Quality assurance (QA) procedures have been developed to annually recertify the calibration center operators. Procedures and checklists have been applied successfully and updated several times during four annual cycles of QA visits. Currently, all FWD calibration centers are operated by certified technicians.
At the conclusion of the pooled fund project in October 2010, the AASHTO Materials Reference Laboratory (AMRL) in Gaithersburg, MD, took over the responsibility of certifying calibration technicians. In preparation of this responsibility, the AASHTO personnel worked and trained with Cornell University staff for more than 1 year.
The SHRP FWD calibration protocol was originally adopted by AASHTO as AASHTO R32-03.(9) The AASHTO R32-03 procedure has been revised to reflect the changes brought about by the pooled fund study, and in January 2009, the AASHTO Subcommittee on Materials approved and adopted the revised procedure. The revised procedure was published as AASHTO R32-09.(1)
There have been additional revisions and improvements in the calibration procedure since 2009. As of October 2010, a revised AASHTO R32-09 procedure was under review by AASHTO, and it is expected to be published in 2011.(1)
The AASHTO R33-03 for annual calibration of the reference load cell has also been updated.(10) It was submitted for review and approval by AASHTO in May 2010. As of October 2010, it was under review by AASHTO, and it is expected to be published in 2011.(10)
In April 1998, AASHTO adopted a standard for PDDX.(7) The initial intent of the standard was to facilitate electronic input of FWD data to the DARWin pavement design program. At the 2001 meeting of the FWD User Group in Gulfport, MS, all four FWD manufacturers confirmed they would provide an output file in their field programs that complied with the PDDX standard.
As noted previously, the pooled fund study used the PDDX standard output as the means for electronic exchange of FWD calibration data. However, several problems became evident. First, the PDDX file input requirements for DARWin were not fully compliant with the 1998 AASHTO PDDX standard. In addition, the AASHTO PDDX standard did not provide a placeholder for all of the FWD identification data that are needed for FWD calibration.

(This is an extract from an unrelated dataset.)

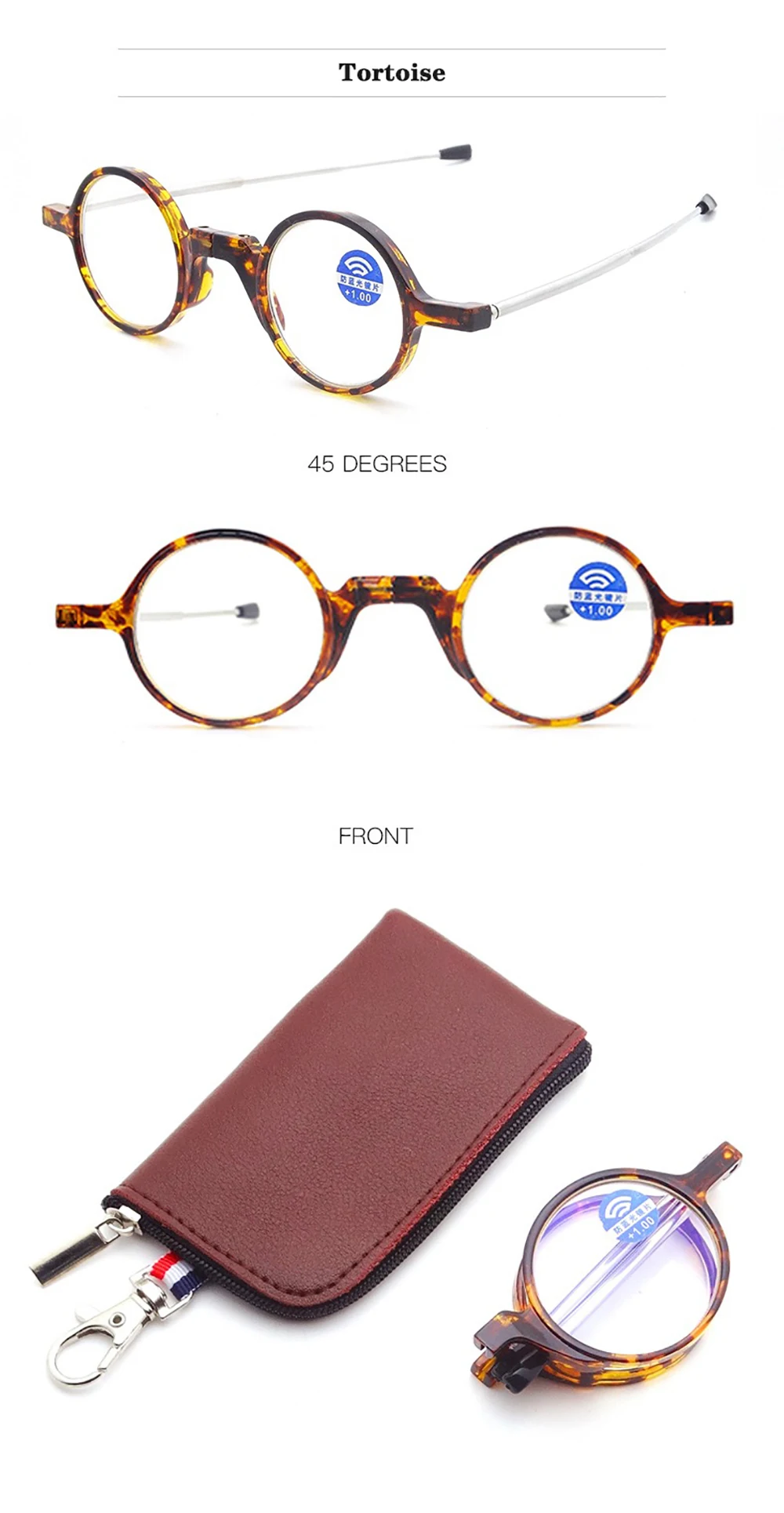 Runde (8) Mode Faltbare Lesebrille Für Frauen Protable Smart Gläser Mit Fall Rahmen Brillen Männer gafas de lectura – Detail 5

To overcome these problems and continue with the project, the PDDXconvert computer program was created.(8) In addition, a revised version of the PDDX standard was created to ensure compatibility of the PDDX files and satisfy the original intent of the AASHTO PDDX standard (see appendix C).

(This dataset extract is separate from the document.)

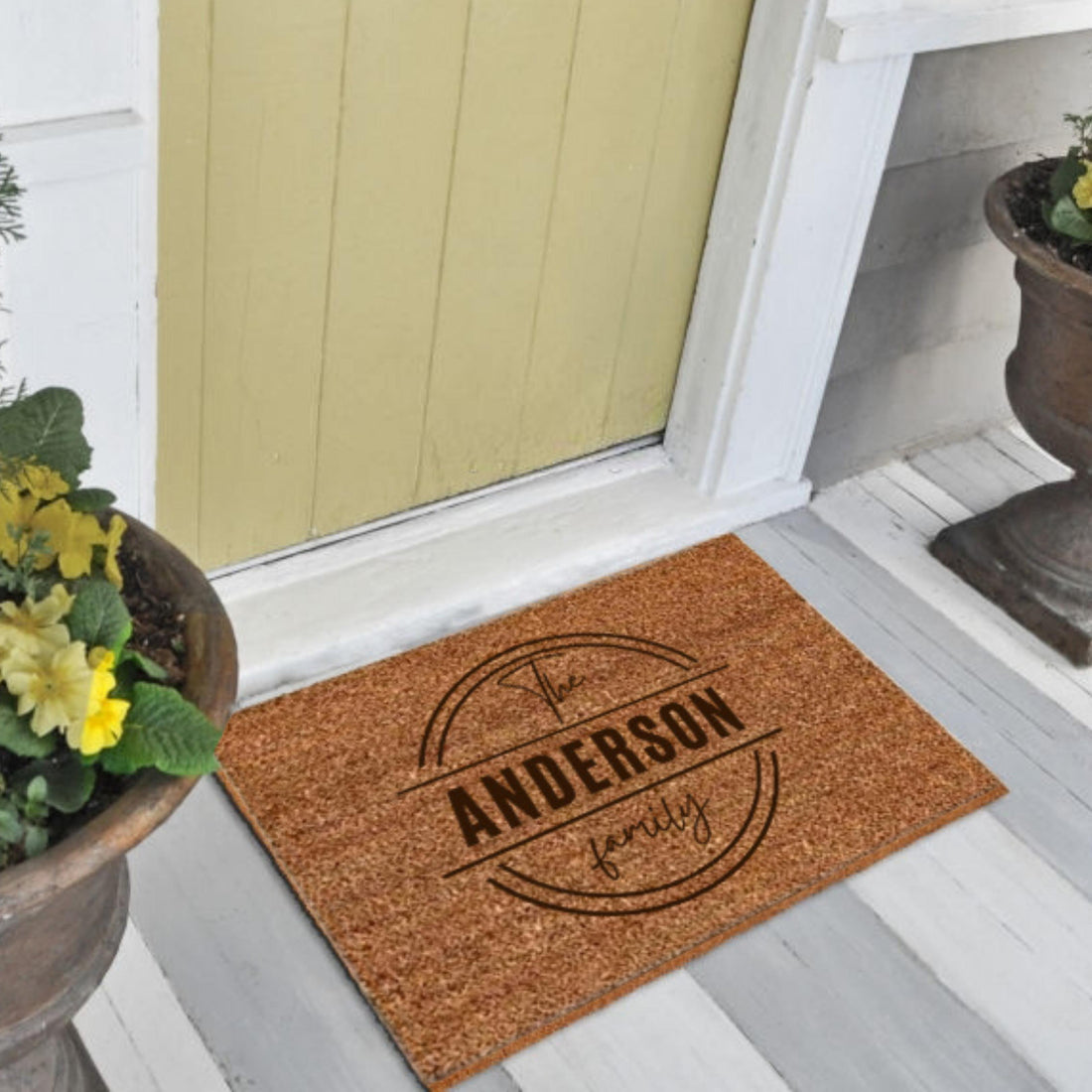 Customised Engraving Doormat, Personalised Initial/ Dog/Caravan/Couple/Family Welcome Entry Outdoor Coir Mat, House Warming/ Wedding Gift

An 11-min video was produced to familiarize FWD owners with the new calibration procedure and encourage State transportation departments to utilize the calibration facilities. The video is available at the Long-Term Pavement Performance (LTPP) Web site, and CD-ROM copies can also be obtained from FHWA.

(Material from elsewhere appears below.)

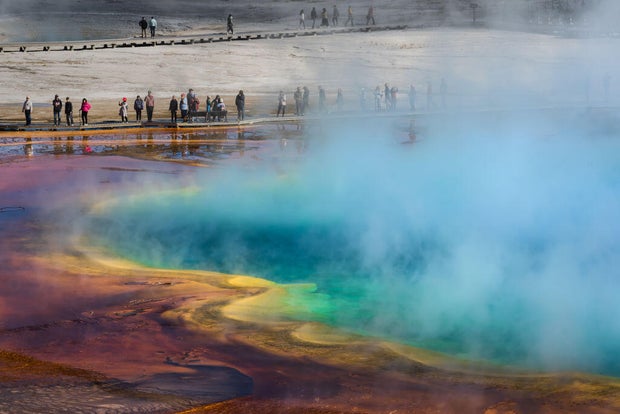 Tourists Visit Yellowstone National Park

Responsibility for the long-term support for the calibration centers is being transferred to AMRL. From March 2009 to June 2010, training was provided to two AMRL technicians and their supervisor. The training placed emphasis on the QA visit and operator certification processes (see appendix D). Each of the nine calibration centers was jointly visited one or more times by both AMRL and Cornell personnel. AMRL was slated to take over the QA visit responsibility starting in late 2010. Cornell expects to continue to support the centers’ needs for technical assistance, reference load cell calibrations, and software upgrades for at least 1–2 years.